Fallon reminded us that celebrities love him.
The man has gotten Bruce Springsteen to play his 1975 self and perform a song about New Jersey governor Chris Christie. So was it a surprise that, after referencing a $100 “Will Jimmy ever really get to host The Tonight Show” bet with an anonymous “buddy,” Fallon was met with a string of celebrities begrudgingly putting money onto his desk? No way. But it was fantastic. First came Robert De Niro — in, out, not a word spoken — and that would’ve been enough to seal the gag. But then came Tina Fey, Joe Namath, Mariah Carey, Rudy Giuliani, Tracy Morgan, Joan Rivers, Kim Kardashian, Seth Rogen, Lindsay Lohan (Mean Girls reunion backstage, heyo!), Sarah Jessica Parker, Mike Tyson, Lady Gaga, and Stephen Colbert with a bucket of 10,000 pennies. Might as well cancel this year’s Thanksgiving Day parade, Macy’s. Can’t top that.
U2 performed atop Rockefeller Center, 70 stories above New York City.
The song itself changed zero lives, but man, it was like something out of a movie. This Tonight Show is aiming high — and that’s not a stupid altitude pun. (Also, superior to the rooftop performance was a desk-side acoustic jam where Bono changed the chorus of “Ordinary Love” to “Questlove.”)
The set was shimmery and ornate.
The Roots — joined by two new members to make it a hefty 10-piece — are on a stage worthy of an orchestra. (Do they get to play the Top of the Rock sometime, too, though?)
Jimmy was still Jimmy.
Meaning humble, goofy, 39 years old, feelings-y, and welcoming. He opened things up by explaining the concept of The Tonight Show as a whole, made the obligatory nods to the property’s rocky hosting pattern in the past few years, gave a little background about himself, bantered with his parents in the audience, and maybe got a little choked up in the process. Well done.
And Will Smith wore some checkered pants.
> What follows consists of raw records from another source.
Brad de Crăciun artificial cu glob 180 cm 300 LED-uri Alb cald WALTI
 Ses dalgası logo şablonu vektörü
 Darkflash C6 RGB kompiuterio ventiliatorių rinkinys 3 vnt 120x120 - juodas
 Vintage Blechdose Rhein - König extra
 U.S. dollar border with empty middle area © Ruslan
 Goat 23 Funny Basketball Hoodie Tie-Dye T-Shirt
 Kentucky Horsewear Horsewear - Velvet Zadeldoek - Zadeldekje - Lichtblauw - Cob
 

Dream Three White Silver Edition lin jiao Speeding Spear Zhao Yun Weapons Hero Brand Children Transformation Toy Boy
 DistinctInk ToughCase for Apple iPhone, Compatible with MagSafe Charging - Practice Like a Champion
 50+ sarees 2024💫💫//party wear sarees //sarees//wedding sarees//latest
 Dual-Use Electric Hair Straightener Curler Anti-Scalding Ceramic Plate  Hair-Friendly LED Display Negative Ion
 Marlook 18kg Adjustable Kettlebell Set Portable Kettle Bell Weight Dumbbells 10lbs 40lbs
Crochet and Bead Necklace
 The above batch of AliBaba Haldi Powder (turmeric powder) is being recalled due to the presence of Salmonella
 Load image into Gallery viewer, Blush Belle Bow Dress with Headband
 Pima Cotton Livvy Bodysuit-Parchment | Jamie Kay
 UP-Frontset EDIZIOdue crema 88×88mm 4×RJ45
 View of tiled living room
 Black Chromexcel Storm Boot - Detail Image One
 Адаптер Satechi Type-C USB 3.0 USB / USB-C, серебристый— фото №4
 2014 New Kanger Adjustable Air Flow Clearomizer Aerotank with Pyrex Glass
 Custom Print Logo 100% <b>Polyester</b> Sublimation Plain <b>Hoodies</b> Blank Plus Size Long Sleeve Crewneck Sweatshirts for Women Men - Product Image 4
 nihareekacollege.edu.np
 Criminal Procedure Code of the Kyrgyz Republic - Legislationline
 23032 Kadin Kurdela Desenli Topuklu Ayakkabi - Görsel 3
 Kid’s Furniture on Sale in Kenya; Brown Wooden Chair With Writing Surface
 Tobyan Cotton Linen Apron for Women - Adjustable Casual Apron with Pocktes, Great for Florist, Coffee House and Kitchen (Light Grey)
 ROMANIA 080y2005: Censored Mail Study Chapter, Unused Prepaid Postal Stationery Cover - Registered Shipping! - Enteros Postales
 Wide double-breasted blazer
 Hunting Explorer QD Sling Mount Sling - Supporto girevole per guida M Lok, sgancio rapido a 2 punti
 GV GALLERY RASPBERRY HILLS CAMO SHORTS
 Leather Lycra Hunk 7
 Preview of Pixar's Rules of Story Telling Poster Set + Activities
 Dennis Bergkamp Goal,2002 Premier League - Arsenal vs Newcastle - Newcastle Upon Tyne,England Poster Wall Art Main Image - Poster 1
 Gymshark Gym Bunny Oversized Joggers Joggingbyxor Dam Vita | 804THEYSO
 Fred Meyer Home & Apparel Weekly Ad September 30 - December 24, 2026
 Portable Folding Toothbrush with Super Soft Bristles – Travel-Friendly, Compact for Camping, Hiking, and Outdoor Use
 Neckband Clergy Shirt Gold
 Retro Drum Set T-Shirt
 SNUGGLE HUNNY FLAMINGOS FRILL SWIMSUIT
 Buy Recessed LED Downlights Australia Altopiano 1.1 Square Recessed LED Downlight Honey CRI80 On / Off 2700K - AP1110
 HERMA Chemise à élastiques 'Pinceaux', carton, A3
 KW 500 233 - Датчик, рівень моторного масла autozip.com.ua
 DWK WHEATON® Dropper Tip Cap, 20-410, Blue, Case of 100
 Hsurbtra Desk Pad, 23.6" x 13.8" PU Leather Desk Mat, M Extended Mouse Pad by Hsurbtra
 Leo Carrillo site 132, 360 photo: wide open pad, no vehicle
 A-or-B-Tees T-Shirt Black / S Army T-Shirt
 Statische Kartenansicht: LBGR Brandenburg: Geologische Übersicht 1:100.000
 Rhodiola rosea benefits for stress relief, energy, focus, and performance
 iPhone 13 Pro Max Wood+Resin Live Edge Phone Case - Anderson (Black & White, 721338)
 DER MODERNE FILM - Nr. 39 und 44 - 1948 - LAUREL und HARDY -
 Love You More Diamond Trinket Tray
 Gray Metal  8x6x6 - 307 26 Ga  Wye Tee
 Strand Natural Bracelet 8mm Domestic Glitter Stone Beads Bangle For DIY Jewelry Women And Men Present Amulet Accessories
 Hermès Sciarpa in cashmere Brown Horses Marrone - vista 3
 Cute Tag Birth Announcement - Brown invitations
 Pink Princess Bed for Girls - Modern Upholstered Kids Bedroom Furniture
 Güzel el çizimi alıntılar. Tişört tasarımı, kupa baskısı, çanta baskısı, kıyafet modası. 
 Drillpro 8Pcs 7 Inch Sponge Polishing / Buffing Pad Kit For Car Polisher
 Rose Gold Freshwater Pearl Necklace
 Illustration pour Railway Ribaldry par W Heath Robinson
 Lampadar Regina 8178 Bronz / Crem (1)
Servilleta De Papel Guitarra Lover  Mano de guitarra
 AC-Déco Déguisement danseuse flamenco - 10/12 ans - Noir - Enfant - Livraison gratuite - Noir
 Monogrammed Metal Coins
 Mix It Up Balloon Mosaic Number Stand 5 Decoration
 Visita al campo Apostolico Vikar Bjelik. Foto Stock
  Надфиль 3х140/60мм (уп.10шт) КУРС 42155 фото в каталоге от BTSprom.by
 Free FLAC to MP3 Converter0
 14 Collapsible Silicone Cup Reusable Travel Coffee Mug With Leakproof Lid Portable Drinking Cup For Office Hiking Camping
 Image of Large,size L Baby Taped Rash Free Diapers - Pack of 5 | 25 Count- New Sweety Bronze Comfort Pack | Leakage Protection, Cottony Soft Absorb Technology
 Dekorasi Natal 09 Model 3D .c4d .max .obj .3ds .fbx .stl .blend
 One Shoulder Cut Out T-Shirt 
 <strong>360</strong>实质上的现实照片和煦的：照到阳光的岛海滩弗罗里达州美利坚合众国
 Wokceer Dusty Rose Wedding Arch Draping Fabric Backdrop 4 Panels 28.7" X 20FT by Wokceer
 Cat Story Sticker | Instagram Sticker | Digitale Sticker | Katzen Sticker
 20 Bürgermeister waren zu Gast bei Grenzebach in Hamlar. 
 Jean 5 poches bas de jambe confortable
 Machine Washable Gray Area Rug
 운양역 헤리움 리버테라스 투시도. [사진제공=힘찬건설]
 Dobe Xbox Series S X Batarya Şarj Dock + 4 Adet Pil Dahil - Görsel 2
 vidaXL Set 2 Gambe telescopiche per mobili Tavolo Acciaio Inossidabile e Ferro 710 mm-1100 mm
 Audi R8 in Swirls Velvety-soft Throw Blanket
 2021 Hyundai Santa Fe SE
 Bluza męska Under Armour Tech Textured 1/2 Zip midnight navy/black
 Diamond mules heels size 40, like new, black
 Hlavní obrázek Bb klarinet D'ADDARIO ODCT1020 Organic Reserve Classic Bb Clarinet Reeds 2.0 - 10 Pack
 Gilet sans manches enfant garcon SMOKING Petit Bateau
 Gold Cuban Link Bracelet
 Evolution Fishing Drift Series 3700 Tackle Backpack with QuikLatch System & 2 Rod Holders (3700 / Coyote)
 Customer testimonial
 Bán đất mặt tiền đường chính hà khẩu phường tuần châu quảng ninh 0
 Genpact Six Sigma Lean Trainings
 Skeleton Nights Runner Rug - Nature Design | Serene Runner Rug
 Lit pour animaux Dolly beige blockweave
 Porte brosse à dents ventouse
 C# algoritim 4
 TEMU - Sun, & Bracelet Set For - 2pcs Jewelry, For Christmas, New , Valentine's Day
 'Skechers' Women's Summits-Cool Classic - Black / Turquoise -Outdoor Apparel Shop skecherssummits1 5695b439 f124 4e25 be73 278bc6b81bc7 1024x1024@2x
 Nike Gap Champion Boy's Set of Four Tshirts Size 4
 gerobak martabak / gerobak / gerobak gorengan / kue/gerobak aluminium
He also said, “I was trying to hurry up and get Jada pregnant backstage” and “GET DOWN THAT ICE, YOU ROCK”; one remark came directly after speaking about Fallon’s 6-month-old daughter, and the other was in reference to Olympic curling — mix and match as you see fit. But before that, there was “The Evolution of Hip-Hop Dancing.” (Checkered pants not pictured. Apologies.)